_TASK PROMPT_
Reproduce the records exactly. Leave the pictures out.

_MATERIAL SUPPLIED_
□ □ □ □ □

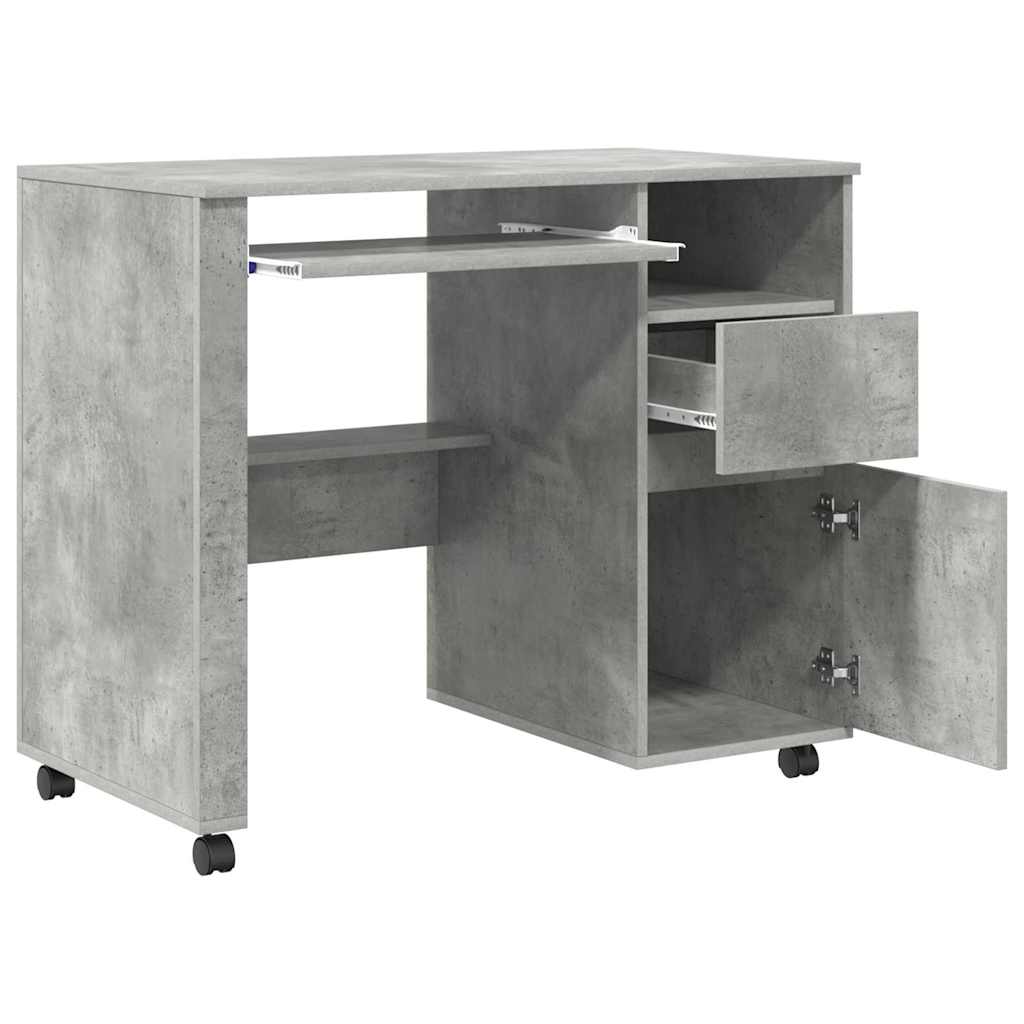 Skrivebord med Hjul Beton Grå Konstrueret træ 91 x 50 x 77 cm
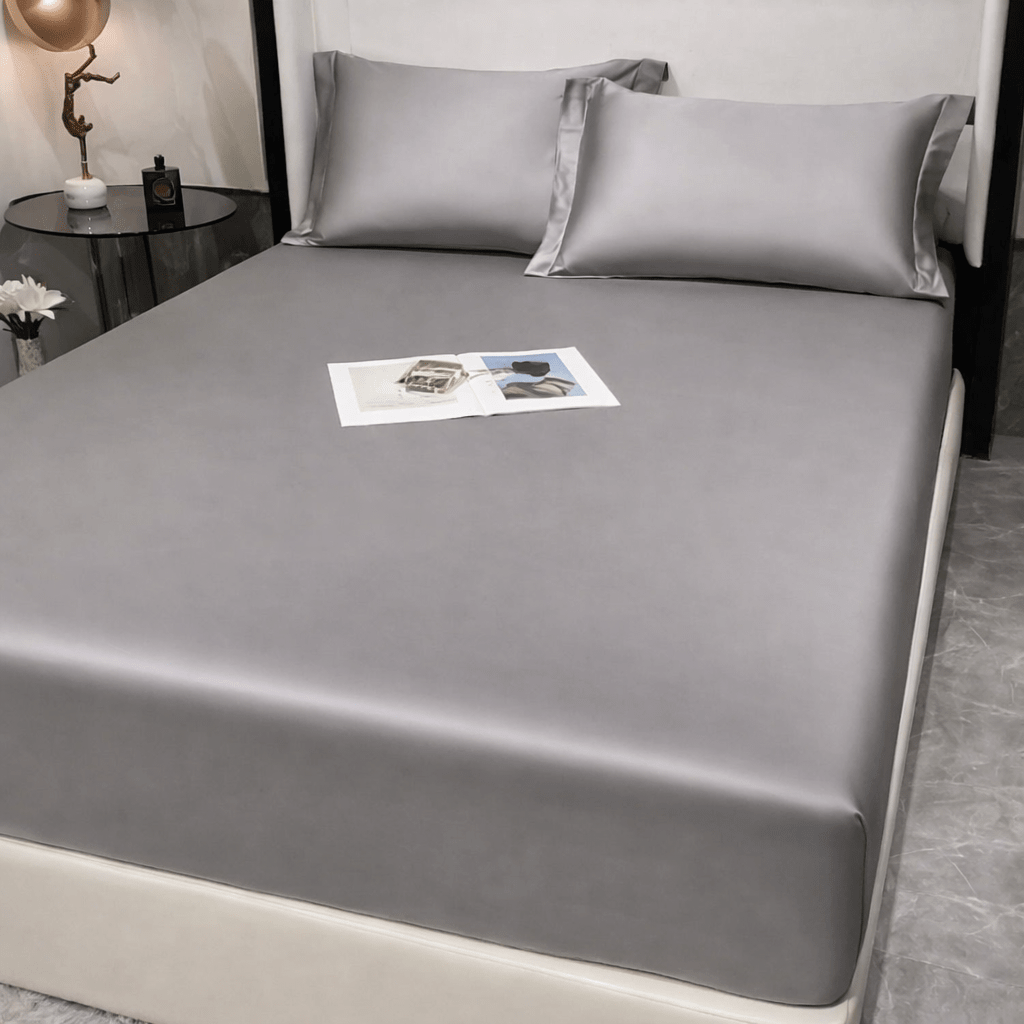 Vibrant cotton fitted sheet with deep pockets, creating a colorful and comfortable focal point for your bed.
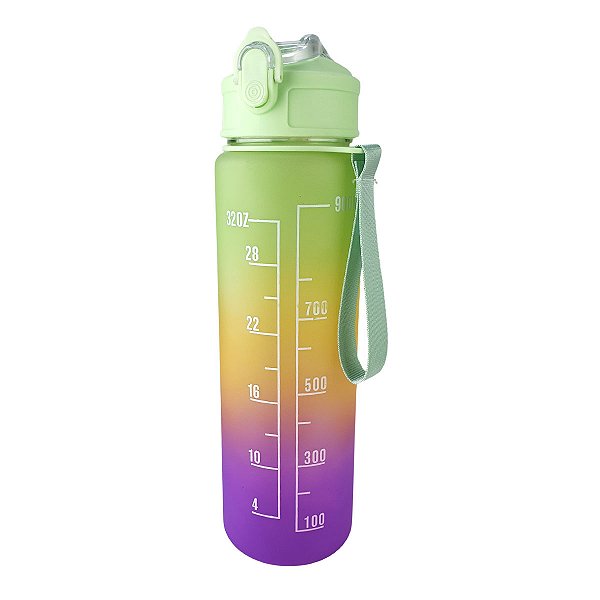 Garrafa de Água 800ml Squeeze Sport com Alça Verde Amarelo Roxo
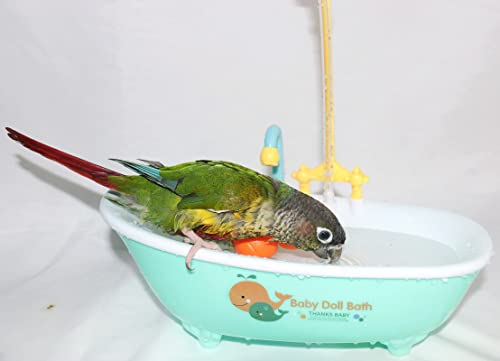 Petlex Bird Bathtub Parrot Bath Fountain Indoor Automatic Bathtub with Faucet Bird Bath Shower Bird Bathing Tub for Parakeet Conure Budgie Cockatiel Lovebird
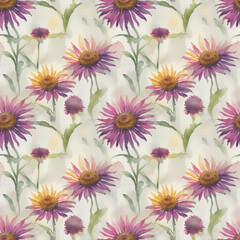 Obraz premium seamless watercolor floral abstract colorful wallpaper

□ □ □ □ □

_EXERCISE SOLUTION_
 Skrivebord med Hjul Beton Grå Konstrueret træ 91 x 50 x 77 cm
 Vibrant cotton fitted sheet with deep pockets, creating a colorful and comfortable focal point for your bed.
 Garrafa de Água 800ml Squeeze Sport com Alça Verde Amarelo Roxo
 Petlex Bird Bathtub Parrot Bath Fountain Indoor Automatic Bathtub with Faucet Bird Bath Shower Bird Bathing Tub for Parakeet Conure Budgie Cockatiel Lovebird
 Obraz premium seamless watercolor floral abstract colorful wallpaper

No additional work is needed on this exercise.